Competing interests The authors declare that they have no competing interests. Authors’ contributions JLJ conceived the study and secured funding. PC assisted with design and intellectual background. AT also assisted with study design and refining the study after the pilot. PC and AT revised the manuscript critically for important intellectual content. All authors read and approved the final manuscript.

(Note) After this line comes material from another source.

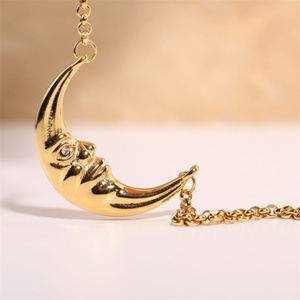 สร้อยคอสแตนเลสแบบใหม่ ดีไซน์จี้รูปพระจันทร์ สำหรับผู้หญิง - Product Image 1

Pre-publication history The pre-publication history for this paper can be accessed here: http://www.biomedcentral.com/1471-227X/9/17/prepub Acknowledgements This study is funded by the Canadian Patient Safety Institute.
Intracranial bleeding (IB) is a common and serious consequence of traumatic brain injury (TBI). In the Inhibitors,research,lifescience,medical MRC CRASH trial, which included mild, moderate and severe TBI patients, 56% of trial participants had at least one IB. [1] The frequency of IB varies with TBI severity, age, presence or absence of compound skull fracture, and the anatomical site of injury (frontal, temporo-parietal, occipital). Inhibitors,research,lifescience,medical [2] IB can be classified according to the location into epidural haemorrhage (EDH) subdural haemorrhage (SDH) intraparenchymal haemorrhage (IPH) and subarachnoid

haemorrhage (SAH). A review by the Brain Trauma Foundation found that all types of IB are associated with a worse prognosis, with increased in-hospital mortality and disability Inhibitors,research,lifescience,medical at six months. [3] Analysis of data from the CRASH trial showed that subarachnoid bleeding Inhibitors,research,lifescience,medical and non evacuated haematoma were independently associated with a worse outcome at 2 weeks and 6 months. [4] Similarly, the IMPACT study found that after controlling for age, Glasgow Coma Score (GCS) motor score and pupil reactions, subarachnoid and subdural bleeding doubled the odds of poor outcome at six months. [5] Some studies involving repeated

CT scanning of patients with TBI have found that intracranial bleeding Inhibitors,research,lifescience,medical can develop or expand in the 24-48 hours after injury. These findings have generated interest in potential therapeutic approaches, such as haemostatic drugs, that could prevent or decrease the growth of IB. [6] If IB enlarges after hospital admission and larger bleeds have a worse prognosis, this would strengthen the therapeutic rationale for agents to prevent an increase in the extent of bleeding. Brefeldin_A inhibitor Baricitinib Although there have been some studies on the association between size of IB and prognosis, the empirical evidence is limited, most studies having small sample sizes and www.selleckchem.com/products/mek162.html restricted populations. [7-10] We analysed data from the Trauma Audit & Research Network (TARN), a large European trauma registry, to evaluate the association between the size of IB and, mortality and haematoma evacuation, in patients with TBI. Methods Sample TARN was established in 1989 to benchmark and improve hospital trauma care (using case fatality measures). Membership is voluntary and includes 60% of hospitals receiving trauma patients in England and Wales and some hospitals in European centres.